L'affaire Orpea a dégradé l'image des Ehpad à but lucratif : les travaux de la commission des affaires sociales du Sénat et les enquêtes des journalistes ont montré que, malgré des résultats florissants, de grands groupes ont eu des comportements condamnables. Nous avons tous été choqués de découvrir que les soins aux résidents étaient minutés et qu'il n'était parfois prévu de leur donner une douche qu'une fois tous les six jours...

Néanmoins, il faut noter que la situation des Ehpad n'est aujourd'hui plus la même qu'il y a quelques années, comme l'a souligné un rapport de la commission des affaires sociales : leurs résultats sont catastrophiques, ce qui met en difficulté un certain nombre d'établissements.

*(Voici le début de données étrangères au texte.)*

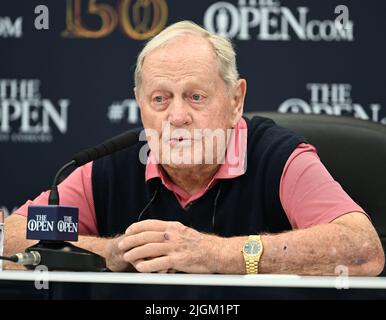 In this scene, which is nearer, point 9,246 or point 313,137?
point 9,246

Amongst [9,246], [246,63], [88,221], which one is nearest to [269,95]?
[246,63]

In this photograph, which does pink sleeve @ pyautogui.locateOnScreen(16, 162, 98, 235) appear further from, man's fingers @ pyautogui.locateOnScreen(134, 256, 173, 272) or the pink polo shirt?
man's fingers @ pyautogui.locateOnScreen(134, 256, 173, 272)

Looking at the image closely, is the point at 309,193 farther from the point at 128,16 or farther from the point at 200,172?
the point at 128,16

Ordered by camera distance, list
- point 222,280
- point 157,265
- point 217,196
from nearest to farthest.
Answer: point 222,280
point 157,265
point 217,196

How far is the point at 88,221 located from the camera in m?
2.58

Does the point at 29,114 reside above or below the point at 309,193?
above

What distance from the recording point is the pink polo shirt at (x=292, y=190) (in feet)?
7.35

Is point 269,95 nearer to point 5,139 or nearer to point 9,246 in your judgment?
point 5,139

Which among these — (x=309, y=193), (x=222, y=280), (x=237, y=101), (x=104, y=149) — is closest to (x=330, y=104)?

Je rappelle que le fonctionnement des Ehpad est assuré en grande partie par de l'argent public, notamment avec la participation des agences régionales de santé (ARS) et des conseils départementaux. Si l'on prévoit une taxe supplémentaire, il est à craindre que ce soit le résident qui la finance, via une augmentation du prix de journée.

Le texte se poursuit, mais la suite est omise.